No assurance can be given that a final plan for the restructuring of American Cellular's debt will be consummated, or, if consummated, what the final terms may be. This announcement does not constitute an offer to sell, or the solicitation of an offer to purchase, any securities.

Chanin Capital Partners, LLC is the financial advisor to a special committee of the holders of American Cellular's 9-1/2% senior subordinated notes. Holders of these Notes may contact Mr. Ernie Sibal at Chanin Capital Partners, LLC, (310) 445-4010, Extension 286, for more information regarding the plan for restructuring.

On June 17, 2003, Dobson exchanged its two remaining wireless properties in California for two AT&T Wireless (NYSE:AWE) properties in Alaska. AT&T Wireless also transferred to Dobson all of the Dobson Series AA preferred stock that AT&T Wireless owned. Dobson reclassified its financial statement as of and for the years ended December 31, 2002, 2001 and 2000 to reflect the discontinued operations of its California properties. These unaudited reclassified financial statements, as well as certain pro forma financial information not previously disclosed to the public, are attached as exhibits to Dobson's Form 8-K that was filed on the date of this press release. KPMG LLP, Dobson's independent auditor, is presently auditing these reclassified financial statements. No assurances can be given that the audit will not result in further adjustments to these reclassified financial statements.

Dobson Communications is a leading provider of wireless phone services to rural markets in the United States. Headquartered in Oklahoma City, the Company owns or manages wireless operations in 16 states. For additional information on the Company and its operations, please visit its Web site at www.dobson.net.

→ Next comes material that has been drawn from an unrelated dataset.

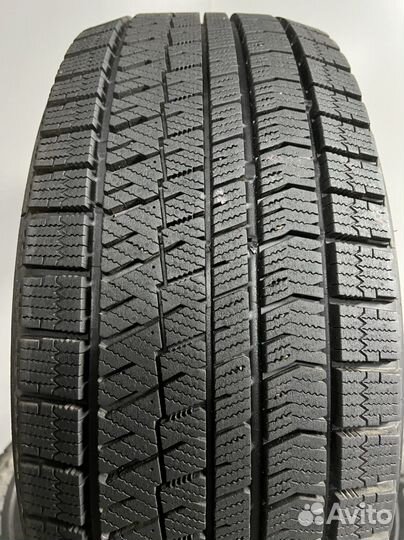 Bridgestone Blizzak Ice 225/55 R17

This press release contains "forward-looking statements" within the meaning of the Private Securities Litigation Reform Act of 1995. These include, but are not limited to, statements regarding the Company's plans, intentions and expectations. Such statements are inherently subject to a variety of risks and uncertainties that could cause actual results to differ materially from those projected. These risks include, but are not limited to, the completion of the transactions involved in the American Cellular restructuring. A more extensive discussion of the risk factors that could impact these areas and the Company's overall business and financial performance can be found in the Company's reports filed with the Securities and Exchange Commission. Given these concerns, investors and analysts should not place undue reliance on forward-looking statements.